(What to work on)
Without reproducing any image, print the listing below exactly.

(Provided data)
───
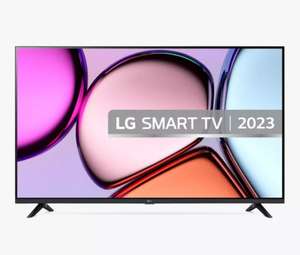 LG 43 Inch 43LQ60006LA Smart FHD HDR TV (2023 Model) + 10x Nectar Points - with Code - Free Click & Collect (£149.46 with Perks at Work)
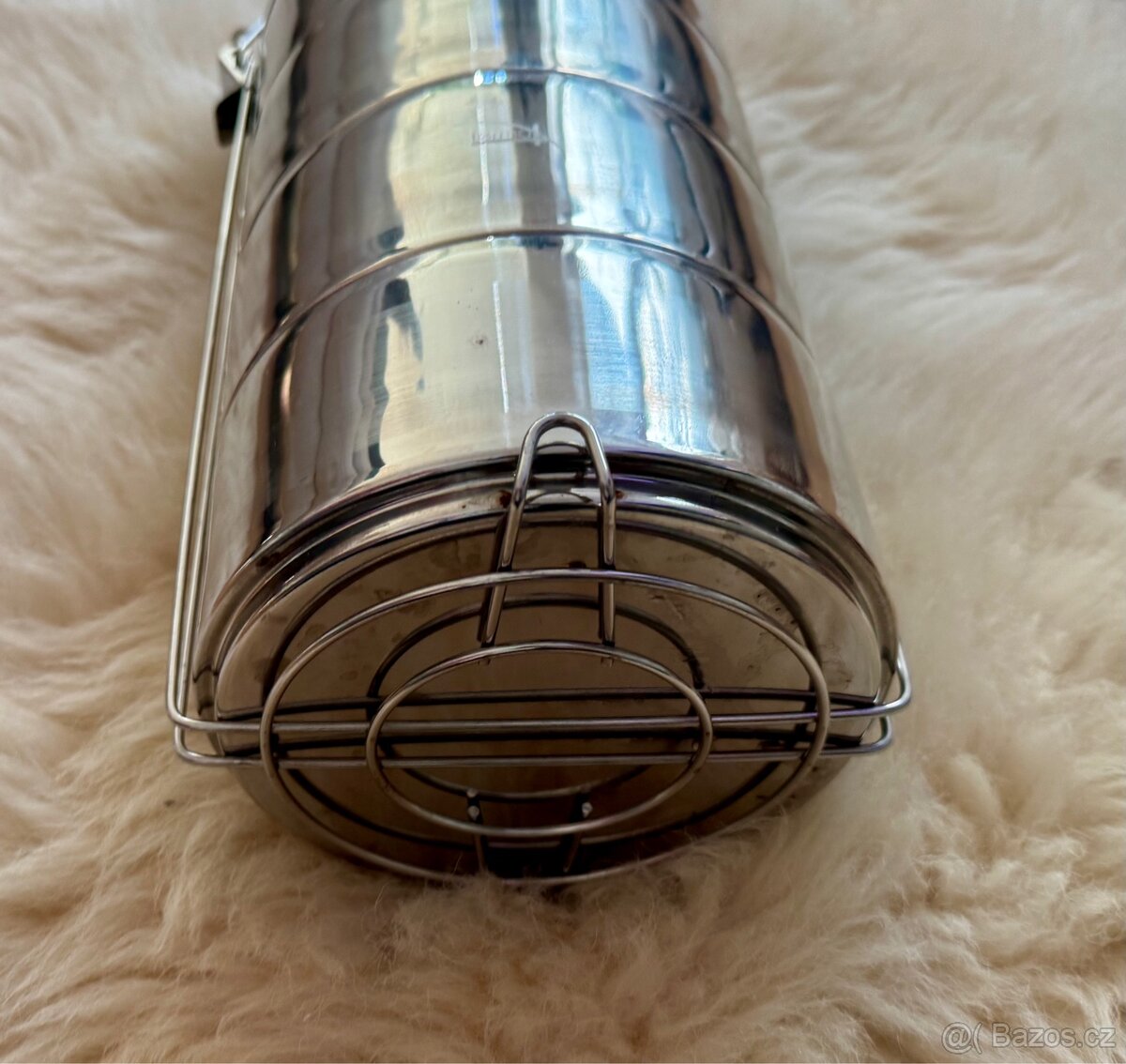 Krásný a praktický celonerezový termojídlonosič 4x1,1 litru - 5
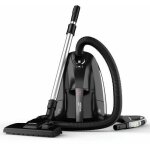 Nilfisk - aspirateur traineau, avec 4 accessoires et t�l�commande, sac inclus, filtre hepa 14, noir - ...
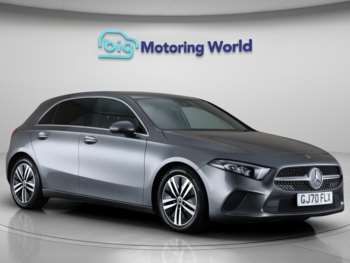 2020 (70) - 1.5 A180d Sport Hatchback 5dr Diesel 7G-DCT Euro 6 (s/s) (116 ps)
───
(Output of the task)
 LG 43 Inch 43LQ60006LA Smart FHD HDR TV (2023 Model) + 10x Nectar Points - with Code - Free Click & Collect (£149.46 with Perks at Work)
 Krásný a praktický celonerezový termojídlonosič 4x1,1 litru - 5
 Nilfisk - aspirateur traineau, avec 4 accessoires et t�l�commande, sac inclus, filtre hepa 14, noir - ...
 2020 (70) - 1.5 A180d Sport Hatchback 5dr Diesel 7G-DCT Euro 6 (s/s) (116 ps)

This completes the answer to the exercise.